§ What the exercise asks
Find the line with "Twilio Provides Test" and the line with "3D Interlaced Colors 739 Wall Murals" in the entries below; output exactly those two lines, every line between them, and no others.

§ Dataset records
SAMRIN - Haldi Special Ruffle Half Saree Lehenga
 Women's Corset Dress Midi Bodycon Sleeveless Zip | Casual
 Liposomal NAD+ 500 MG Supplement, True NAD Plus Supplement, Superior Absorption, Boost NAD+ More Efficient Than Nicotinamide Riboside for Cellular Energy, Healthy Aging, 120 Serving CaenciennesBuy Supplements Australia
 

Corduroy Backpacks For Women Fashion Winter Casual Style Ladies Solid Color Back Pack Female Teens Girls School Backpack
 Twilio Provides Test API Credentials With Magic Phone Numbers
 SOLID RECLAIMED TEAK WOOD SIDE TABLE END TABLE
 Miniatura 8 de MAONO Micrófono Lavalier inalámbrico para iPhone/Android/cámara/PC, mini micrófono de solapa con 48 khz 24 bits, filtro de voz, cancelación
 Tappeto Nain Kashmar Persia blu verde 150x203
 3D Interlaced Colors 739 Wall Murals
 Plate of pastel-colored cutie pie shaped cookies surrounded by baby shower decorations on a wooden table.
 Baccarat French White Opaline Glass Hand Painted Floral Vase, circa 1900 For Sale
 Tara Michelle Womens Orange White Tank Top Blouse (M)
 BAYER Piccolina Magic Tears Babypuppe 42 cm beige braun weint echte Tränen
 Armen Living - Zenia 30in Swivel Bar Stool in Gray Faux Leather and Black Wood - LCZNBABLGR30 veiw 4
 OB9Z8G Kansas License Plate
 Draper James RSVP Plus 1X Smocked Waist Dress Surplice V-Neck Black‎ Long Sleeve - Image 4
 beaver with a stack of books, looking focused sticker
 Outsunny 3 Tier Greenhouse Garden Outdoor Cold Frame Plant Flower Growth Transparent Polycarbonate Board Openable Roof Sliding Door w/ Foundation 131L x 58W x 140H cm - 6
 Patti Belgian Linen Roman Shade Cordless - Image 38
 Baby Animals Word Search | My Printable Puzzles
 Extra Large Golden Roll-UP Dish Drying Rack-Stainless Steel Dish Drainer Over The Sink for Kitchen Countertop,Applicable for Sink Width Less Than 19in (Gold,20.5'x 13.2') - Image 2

§ Task output
 Twilio Provides Test API Credentials With Magic Phone Numbers
 SOLID RECLAIMED TEAK WOOD SIDE TABLE END TABLE
 Miniatura 8 de MAONO Micrófono Lavalier inalámbrico para iPhone/Android/cámara/PC, mini micrófono de solapa con 48 khz 24 bits, filtro de voz, cancelación
 Tappeto Nain Kashmar Persia blu verde 150x203
 3D Interlaced Colors 739 Wall Murals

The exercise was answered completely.